**What is expected**:
Starting at the line that contains "棉鞋男款冬季加绒加厚保暖男鞋真皮一脚蹬马丁靴切尔西东北雪地靴", print each line exactly through the end of the listing. Skip any pictures and add nothing.

**Dataset content**:
═══
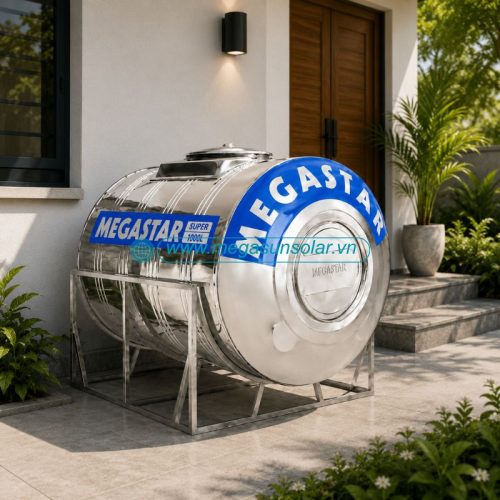 Bồn ngang inox chứa nước sinh hoạt 1000L Megastar Super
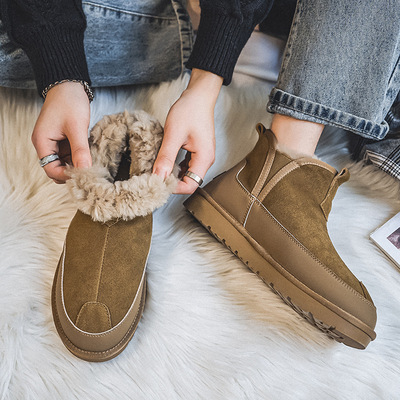 棉鞋男款冬季加绒加厚保暖男鞋真皮一脚蹬马丁靴切尔西东北雪地靴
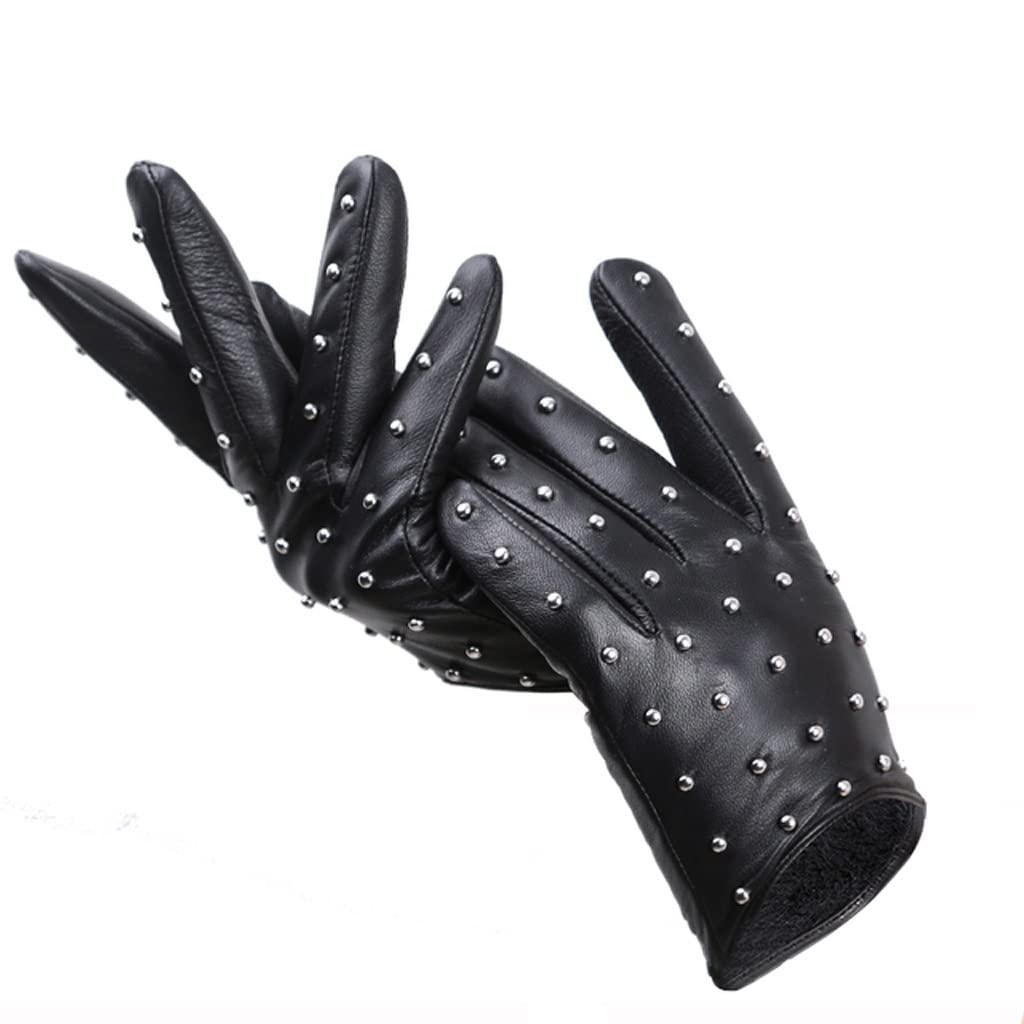 QOPCBCGN Women's Thin Leather Winter Motorcycle Riding Gloves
═══
**Response for this exercise**:
 棉鞋男款冬季加绒加厚保暖男鞋真皮一脚蹬马丁靴切尔西东北雪地靴
 QOPCBCGN Women's Thin Leather Winter Motorcycle Riding Gloves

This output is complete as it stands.